## Task description
Range to copy from the entries below: the line containing "Octopus Plates" through the line containing "Spiritus Systems Elastic", inclusive. Retype only those lines, exactly, without any images.

## Task data
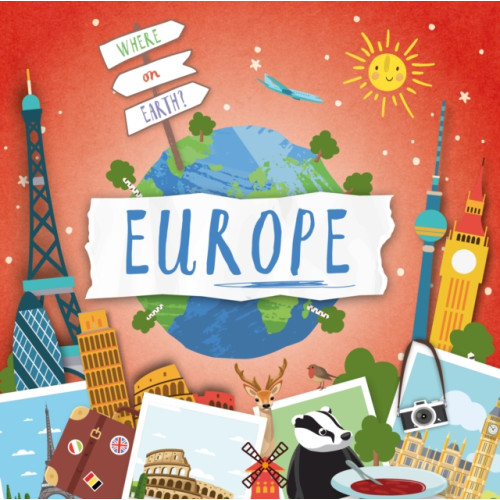 BookLife Publishing Europe (häftad, eng)
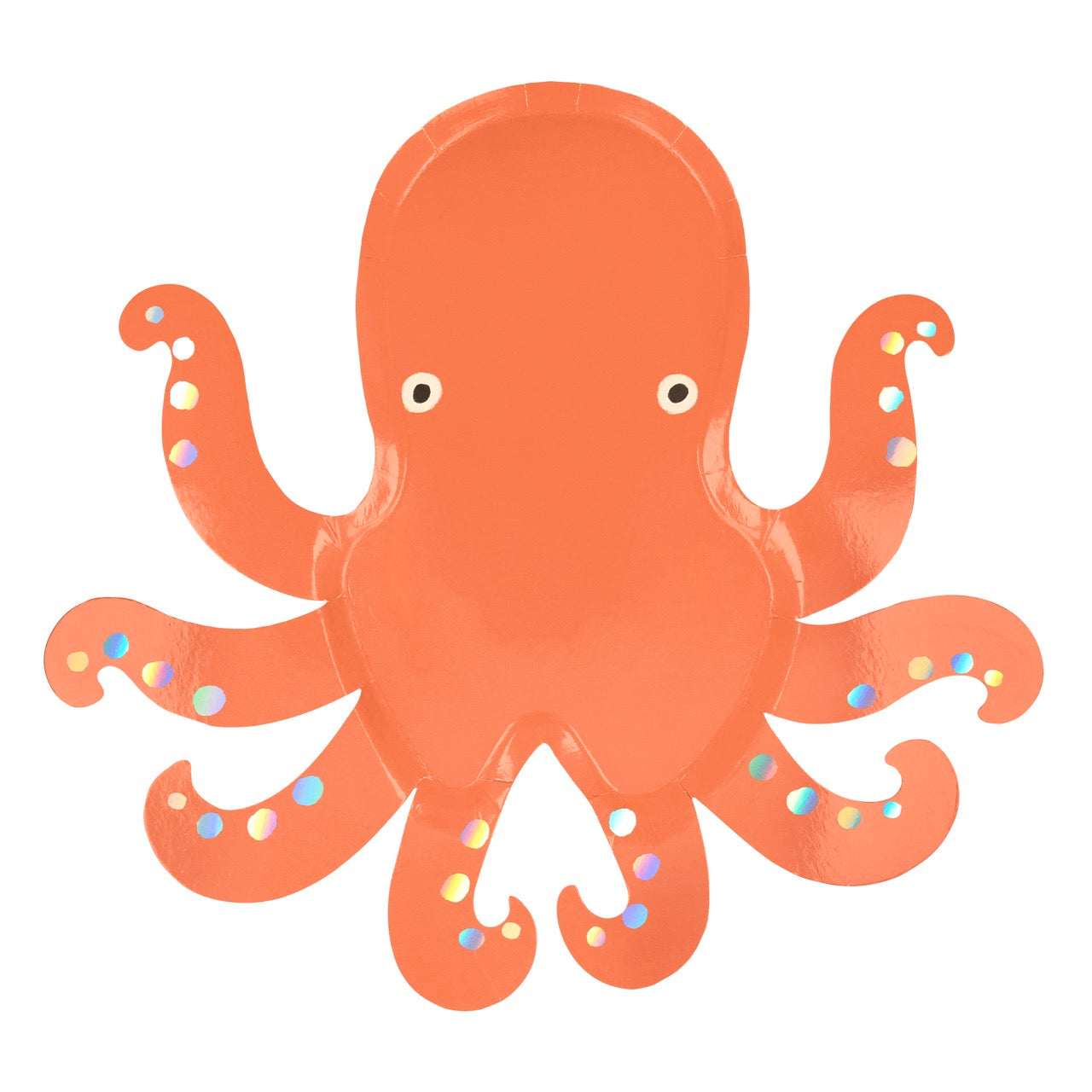 Octopus Plates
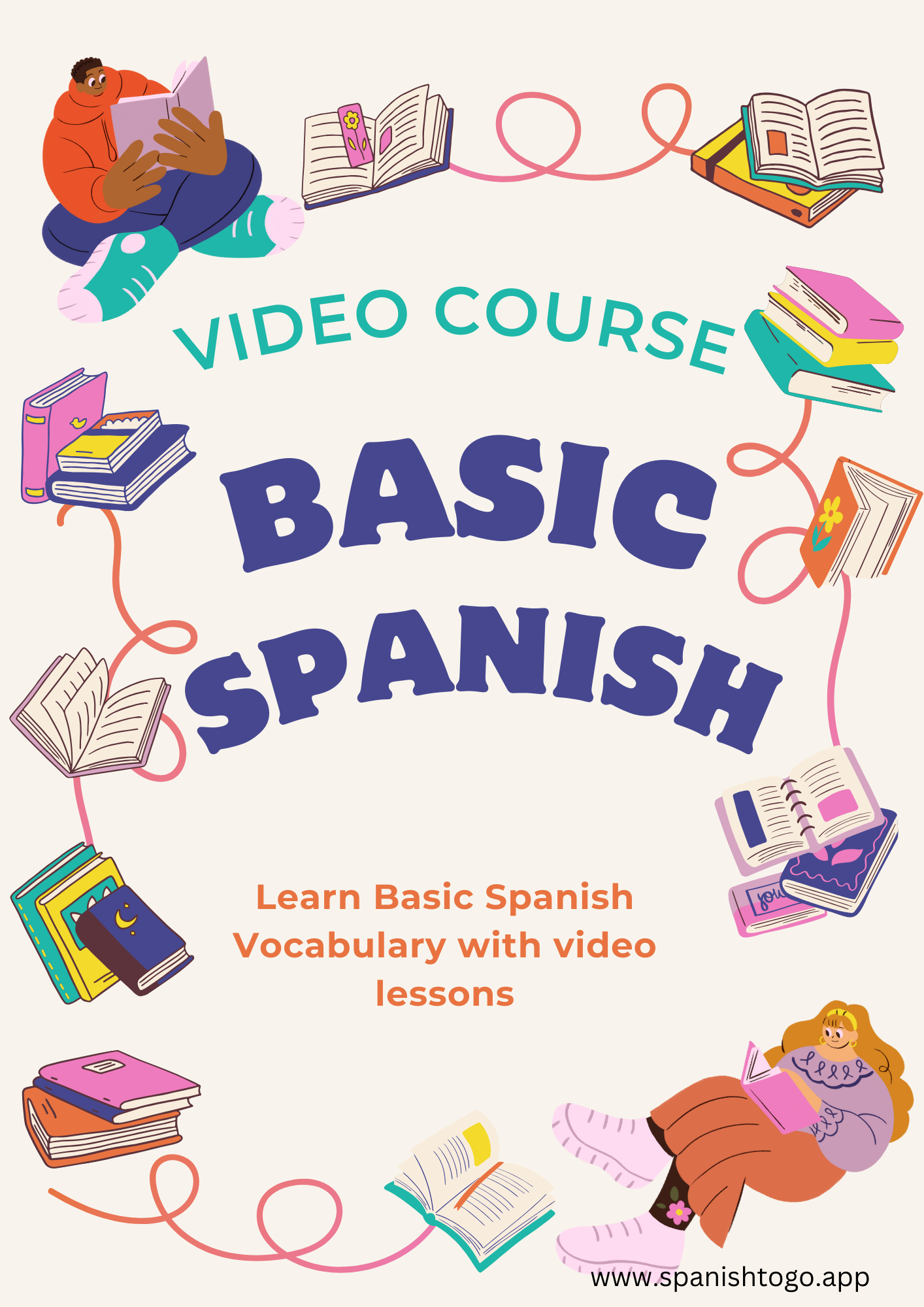 Learn Basic Spanish with Videos
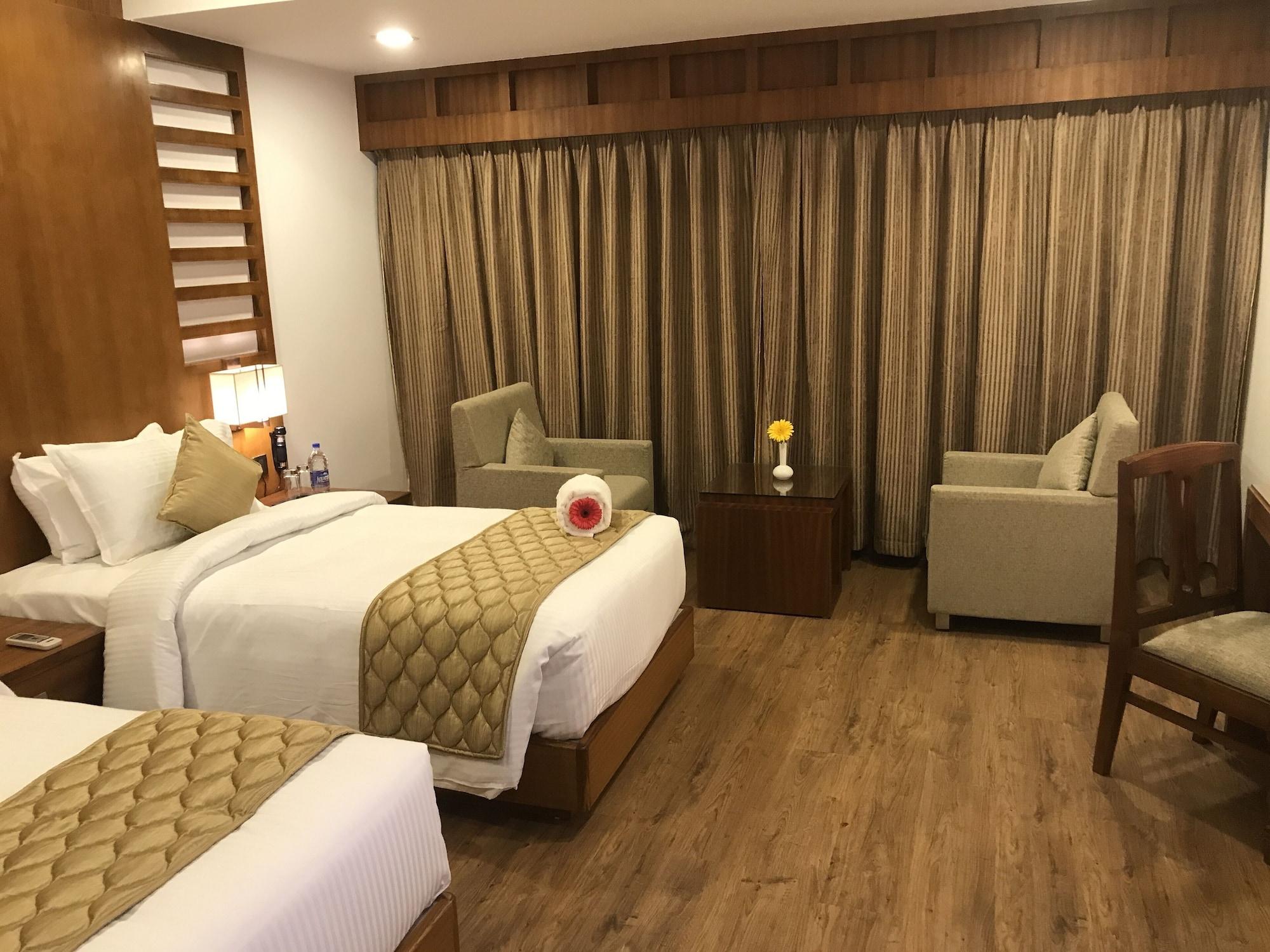 Habitación Hotel Karthika Park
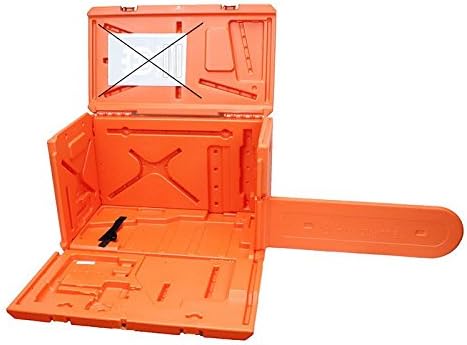 Chainsaw Carrying Case with 24 Scabbard W813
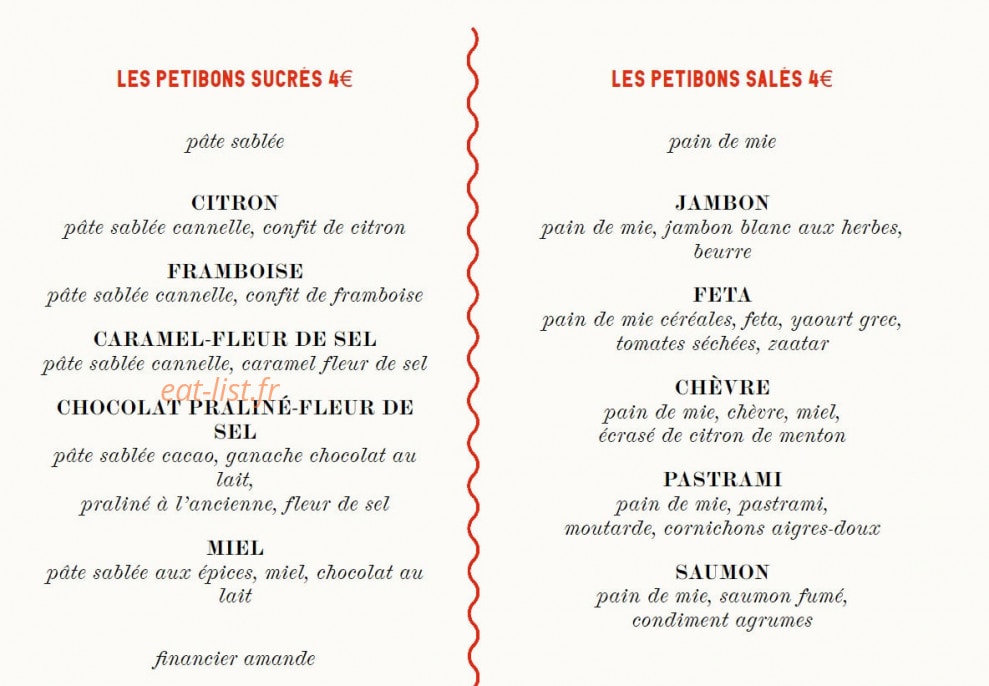 Petibon — carte page 1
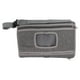 thumbnail image 2 of Cambiador de pañales portátil para bebé, plegable, con múltiples bolsillos, suave y agradable para la piel, de tela Oxford, color gris, 2 of 14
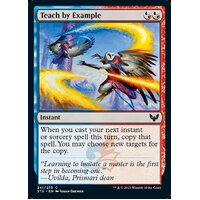 Teach by Example FOIL - STX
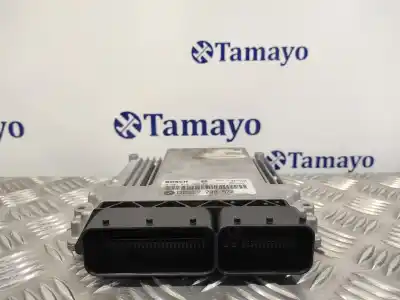 Second-hand car spare part ecu engine control for bmw serie 3 compact (e46) 2.0 16v diesel cat oem iam references 0281010565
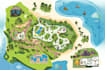 draw vector map in illustrator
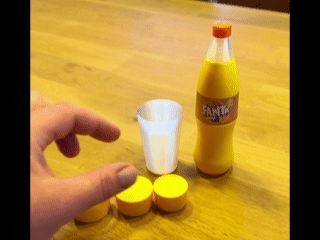 Fanta Spielzeug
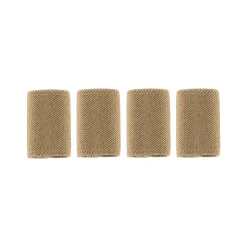 Spiritus Systems Elastic Strap Keeper, 4-Pack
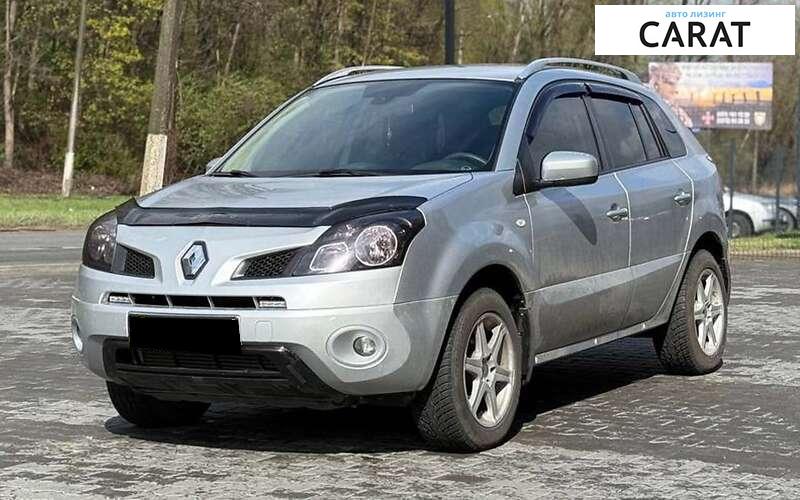 Renault Koleos 2011 Renault Koleos 2011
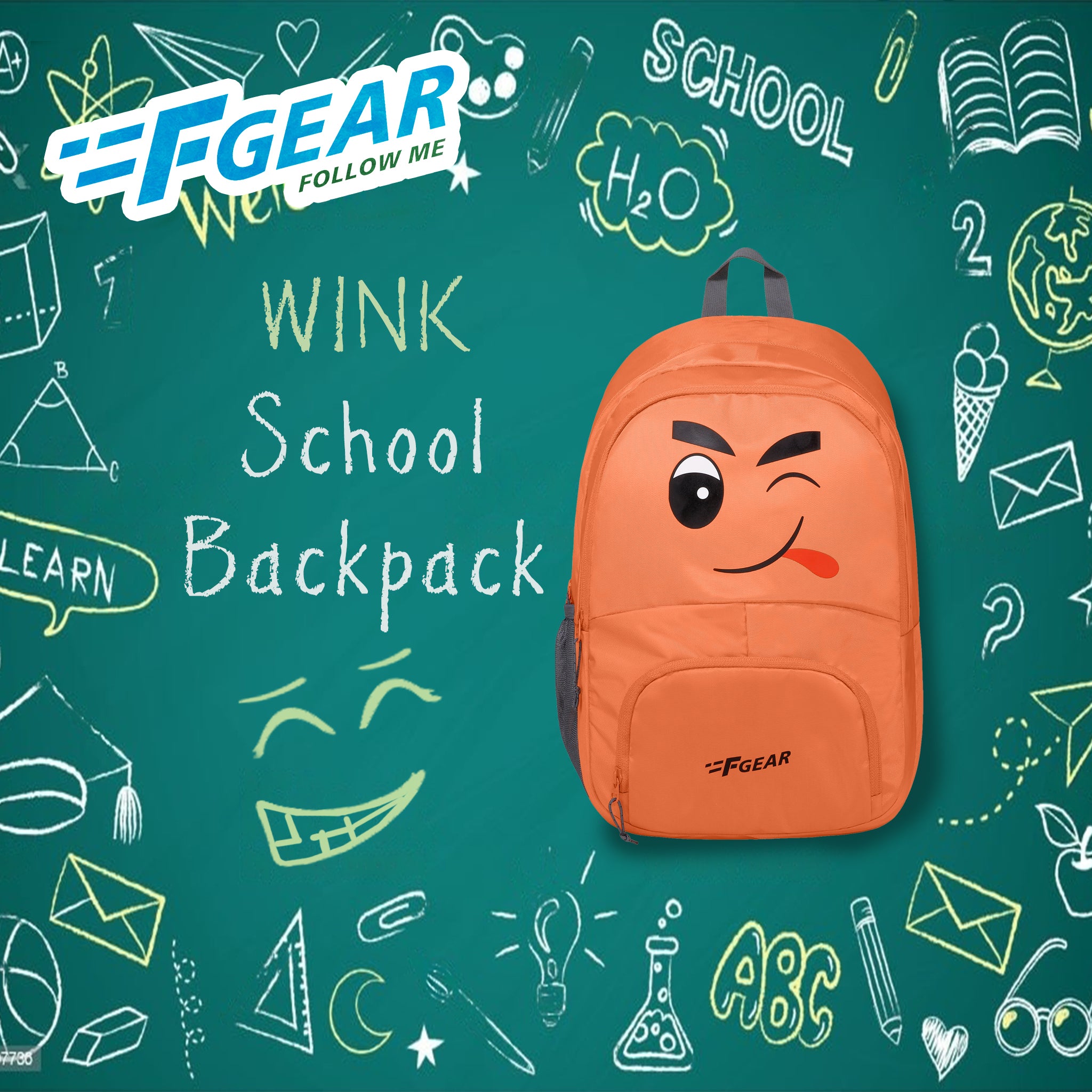 WINK KANGAROO Unisex Backpack Rucksack Shoulder Bag Quality Faux Leather  Black | eBay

## Completed task
 Octopus Plates
 Learn Basic Spanish with Videos
 Habitación Hotel Karthika Park
 Chainsaw Carrying Case with 24 Scabbard W813
 Petibon — carte page 1
 thumbnail image 2 of Cambiador de pañales portátil para bebé, plegable, con múltiples bolsillos, suave y agradable para la piel, de tela Oxford, color gris, 2 of 14
 Teach by Example FOIL - STX
 Second-hand car spare part ecu engine control for bmw serie 3 compact (e46) 2.0 16v diesel cat oem iam references 0281010565
 draw vector map in illustrator
 Fanta Spielzeug
 Spiritus Systems Elastic Strap Keeper, 4-Pack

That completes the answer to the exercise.